CFD Trading Explained – How Does it Work?

Most people in the Middle East know about share market investing. To make a profit, you purchase a specific number of shares of a company and sell the same, preferably at a price higher than the buying price.

But what if you were not required to purchase the shares or the underlying asset directly and still take advantage of upside and downside short-term price movements? A CFD turns this possibility to reality. Look at what it is and how it works

What is a CFD?

A CFD or Contract for Difference is a derivative product. It derives its value from an underlying asset, eliminating the need for the trader to purchase the underlying asset.

By purchasing this contract, you agree to exchange the difference in the underlying asset’s price from when a position is taken to when it is exited. Two of the most significant advantages of CFD trading over stock trading are short selling and availability of leverage.

What Does Short Selling a CFD Mean?

Unlike stock trading, where you first buy shares at a lower price and then sell at a higher price, CFDs allow you to open a position by selling higher first and then closing the trade by buying at a lower price.

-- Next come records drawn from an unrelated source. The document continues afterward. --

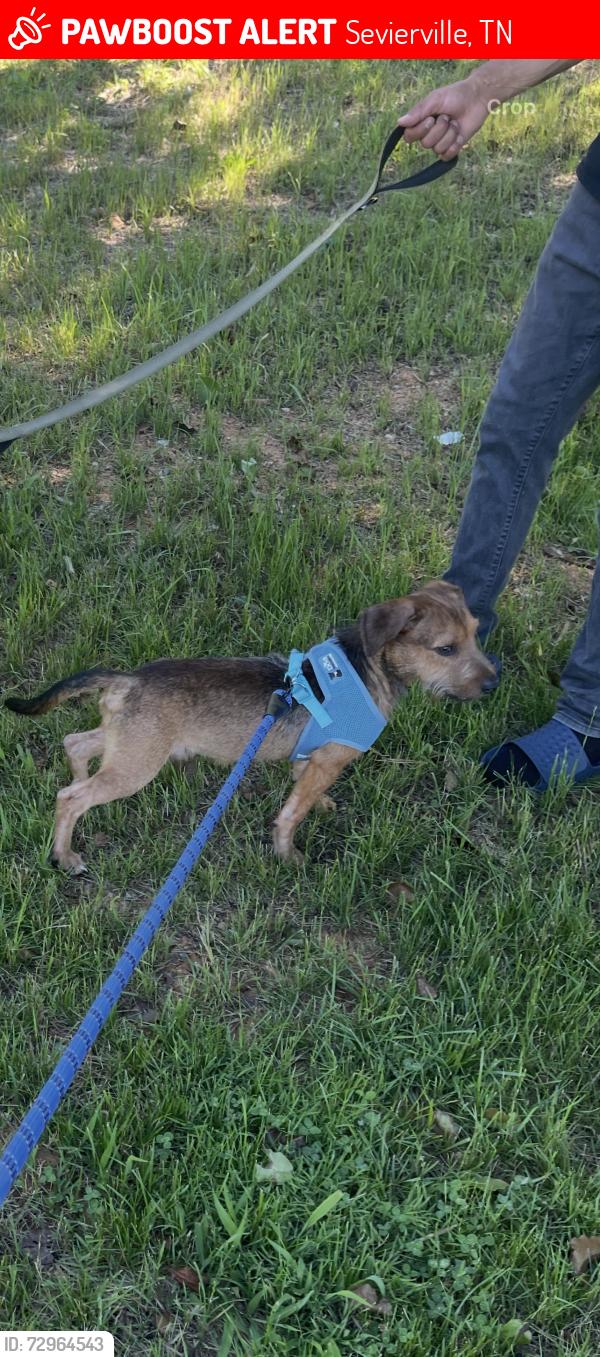 Lost Male Dog last seen Pullen Road, Sevierville, TN 37862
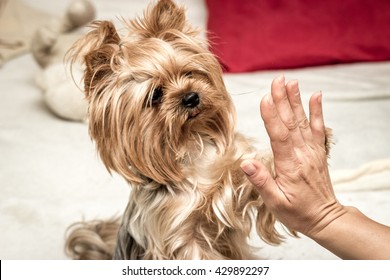 Yorkshire Dog Giving Paw Shake To Owner, Closeup Photo, Animal Friendship
Human Hand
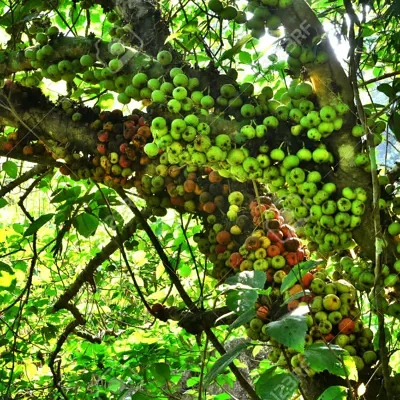 Ficus hispida - Hairy Fig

For instance, if your analysis suggests that the price of Google (GOOGL) shares will fall in the short term, then you can short sell a CFD of the company. If the price falls as per your analysis, then you can close the trade at a lower price. The difference between the selling and buying price multiplied by CFD quantity will be your profit.

What is Leverage in CFD?

Let us assume that you’d like to purchase 100 shares of Apple (AAPL) at $148 per share. You will need $14,800 to complete this purchase. As this is a cash position, you’ll have to pay the entire amount upfront for taking this position. But CFDs work on leverage. In other words, you only need to pay a certain percentage of the total cost of the contract for taking the position.

For instance, an online trading platform might only require 5%-10% upfront for purchasing an AAPL CFD of 100 qty. So, you can open a position for only $740-$1,480 and not $14,800. But note that the profits and losses will be calculated on the total CFD quantity and could significantly exceed the initial deposit.

The profit will be $100 if the AAPL price rises to $149 from $148 as you hold a CFD of 100 qty. Similarly, the losses will be $100 if the price falls to $147.

Different Types of Assets That Can Be Traded with CFD

While stock CFDs are commonly traded in the Middle East, CFD currency is also gaining widespread popularity. With forex CFDs, you can buy/sell top currency pairs, including EUR/USD, GBP/USD, USD/JPY, AUD/USD, USD/CAD, and more.

Other options such as commodity CFD and index CFD are available for traders in the Middle East. However, these offerings can vary between brokers.

CFD Trading in the Middle East

CFDs are an excellent way to diversify your trading portfolio and gain exposure to the most traded US securities. But while CFDs offer a host of advantages, they carry a significant level of risk and should only be considered by experienced traders and investors.

Some top brokers also offer demo accounts to help traders practice and experience how CFDs work in the real world. Choose one such broker to get hands-on experience before trading with real money.